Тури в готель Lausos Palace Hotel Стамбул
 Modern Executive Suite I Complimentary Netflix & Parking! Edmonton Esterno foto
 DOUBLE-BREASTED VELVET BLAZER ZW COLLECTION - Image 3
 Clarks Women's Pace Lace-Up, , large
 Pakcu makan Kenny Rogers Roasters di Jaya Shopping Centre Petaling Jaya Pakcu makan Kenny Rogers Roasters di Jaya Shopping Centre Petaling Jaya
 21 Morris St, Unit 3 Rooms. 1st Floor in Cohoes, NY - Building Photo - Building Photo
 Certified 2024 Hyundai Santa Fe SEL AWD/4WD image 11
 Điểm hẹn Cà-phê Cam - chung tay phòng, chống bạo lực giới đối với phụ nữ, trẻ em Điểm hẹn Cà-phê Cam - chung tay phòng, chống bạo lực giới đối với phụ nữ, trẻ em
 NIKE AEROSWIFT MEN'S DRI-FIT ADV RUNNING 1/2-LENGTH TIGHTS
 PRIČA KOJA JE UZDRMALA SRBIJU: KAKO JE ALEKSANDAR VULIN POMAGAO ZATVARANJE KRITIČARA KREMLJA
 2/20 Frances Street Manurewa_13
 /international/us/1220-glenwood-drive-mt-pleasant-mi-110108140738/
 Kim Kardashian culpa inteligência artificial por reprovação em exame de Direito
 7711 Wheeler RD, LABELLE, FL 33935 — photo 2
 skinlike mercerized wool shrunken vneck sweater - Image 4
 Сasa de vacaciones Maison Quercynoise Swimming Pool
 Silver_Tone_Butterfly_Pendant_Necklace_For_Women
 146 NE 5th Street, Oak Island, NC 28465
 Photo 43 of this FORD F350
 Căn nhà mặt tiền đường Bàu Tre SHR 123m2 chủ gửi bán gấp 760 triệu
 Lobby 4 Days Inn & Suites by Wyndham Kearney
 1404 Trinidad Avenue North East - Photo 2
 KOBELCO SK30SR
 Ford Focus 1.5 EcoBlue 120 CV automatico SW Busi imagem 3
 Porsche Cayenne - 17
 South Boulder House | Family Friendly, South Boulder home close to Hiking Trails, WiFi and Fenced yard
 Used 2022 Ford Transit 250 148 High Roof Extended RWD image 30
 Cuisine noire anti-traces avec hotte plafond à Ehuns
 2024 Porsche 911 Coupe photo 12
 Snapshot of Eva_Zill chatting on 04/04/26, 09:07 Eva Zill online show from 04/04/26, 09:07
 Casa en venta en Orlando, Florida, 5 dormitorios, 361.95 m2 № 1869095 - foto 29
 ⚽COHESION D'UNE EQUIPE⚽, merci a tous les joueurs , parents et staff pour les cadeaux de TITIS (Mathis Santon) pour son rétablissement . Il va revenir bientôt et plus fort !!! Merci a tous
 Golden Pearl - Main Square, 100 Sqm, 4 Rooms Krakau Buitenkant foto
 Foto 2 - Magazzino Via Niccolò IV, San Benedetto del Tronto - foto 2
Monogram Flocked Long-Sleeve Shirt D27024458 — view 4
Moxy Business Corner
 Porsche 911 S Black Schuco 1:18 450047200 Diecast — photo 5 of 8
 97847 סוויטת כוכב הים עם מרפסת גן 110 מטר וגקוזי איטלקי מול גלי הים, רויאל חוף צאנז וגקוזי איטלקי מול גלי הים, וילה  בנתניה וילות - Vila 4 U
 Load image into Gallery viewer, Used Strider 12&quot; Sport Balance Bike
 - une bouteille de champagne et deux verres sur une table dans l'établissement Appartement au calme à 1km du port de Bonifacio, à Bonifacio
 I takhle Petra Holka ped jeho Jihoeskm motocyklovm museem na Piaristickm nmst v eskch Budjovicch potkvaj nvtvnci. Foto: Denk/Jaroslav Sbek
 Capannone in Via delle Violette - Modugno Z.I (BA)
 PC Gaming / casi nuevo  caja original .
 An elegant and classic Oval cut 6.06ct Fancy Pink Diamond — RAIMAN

-.-.-

Copy exactly the line containing "Cuisine noire anti-traces" and every line after it, ending with the last line of the records above.

### [YOUR SOLUTION]
 Cuisine noire anti-traces avec hotte plafond à Ehuns
 2024 Porsche 911 Coupe photo 12
 Snapshot of Eva_Zill chatting on 04/04/26, 09:07 Eva Zill online show from 04/04/26, 09:07
 Casa en venta en Orlando, Florida, 5 dormitorios, 361.95 m2 № 1869095 - foto 29
 ⚽COHESION D'UNE EQUIPE⚽, merci a tous les joueurs , parents et staff pour les cadeaux de TITIS (Mathis Santon) pour son rétablissement . Il va revenir bientôt et plus fort !!! Merci a tous
 Golden Pearl - Main Square, 100 Sqm, 4 Rooms Krakau Buitenkant foto
 Foto 2 - Magazzino Via Niccolò IV, San Benedetto del Tronto - foto 2
Monogram Flocked Long-Sleeve Shirt D27024458 — view 4
Moxy Business Corner
 Porsche 911 S Black Schuco 1:18 450047200 Diecast — photo 5 of 8
 97847 סוויטת כוכב הים עם מרפסת גן 110 מטר וגקוזי איטלקי מול גלי הים, רויאל חוף צאנז וגקוזי איטלקי מול גלי הים, וילה  בנתניה וילות - Vila 4 U
 Load image into Gallery viewer, Used Strider 12&quot; Sport Balance Bike
 - une bouteille de champagne et deux verres sur une table dans l'établissement Appartement au calme à 1km du port de Bonifacio, à Bonifacio
 I takhle Petra Holka ped jeho Jihoeskm motocyklovm museem na Piaristickm nmst v eskch Budjovicch potkvaj nvtvnci. Foto: Denk/Jaroslav Sbek
 Capannone in Via delle Violette - Modugno Z.I (BA)
 PC Gaming / casi nuevo  caja original .
 An elegant and classic Oval cut 6.06ct Fancy Pink Diamond — RAIMAN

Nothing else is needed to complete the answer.